"How dare you howl before me?" laughed Frank.
"Excuse me," said Rattleton. "I didn't know you wanted to howl first."
At chapel Harry felt that the eyes of everybody were upon him. He kept one hand up to his face as much as possible, but he saw the sophomores smiling covertly and winking among themselves. He longed to get even; that was his one burning ambition and desire.
When the service was over the freshmen stood and bowed to the faculty as they passed out. They were supposed to keep bowing to the seniors, juniors and sophomores, but that custom had long been a dead letter at Yale. The freshmen had become too independent for such a thing.

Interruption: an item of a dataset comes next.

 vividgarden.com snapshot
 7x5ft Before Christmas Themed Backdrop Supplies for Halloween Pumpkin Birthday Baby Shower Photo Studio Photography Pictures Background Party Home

However, they stood and saw the upper classmen go past, and it seemed to poor Harry that every fellow stared at him and grinned. The sophs added to his misery and anger by winking at him, and Tad Horner ventured to go through a swift pantomime of taking a scalp.
"Oh, I am liable to have yours yet," thought Harry.

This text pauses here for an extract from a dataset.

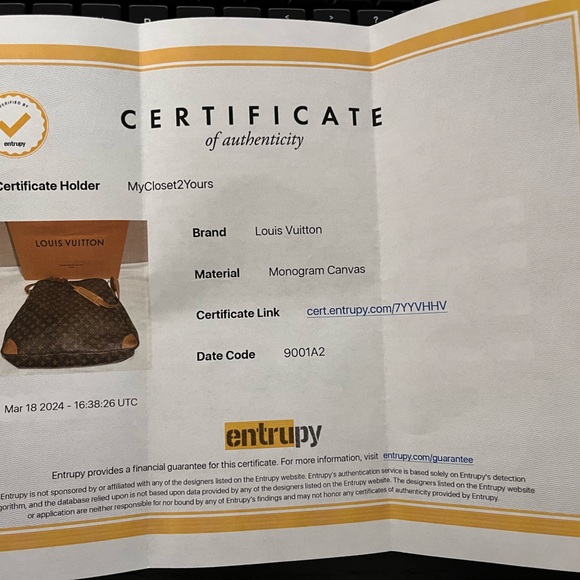 Louis Vuitton Monogram Ballad Shoulder Bag W/COA - Picture 9 of 9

On their way back to their rooms Harry and Frank were greeted by all sorts of calls and persiflage from the sophomores, who had gathered in knots to watch them pass.
This sort of chaffing gave Rattleton "that tired feeling," as he expressed it, and by the time they reached their room he was in a desperate mood.
"I'll get even!" he vowed, fiercely. "I'll do it."
"Go ahead—you can do it," laughed Frank. "You can do anybody."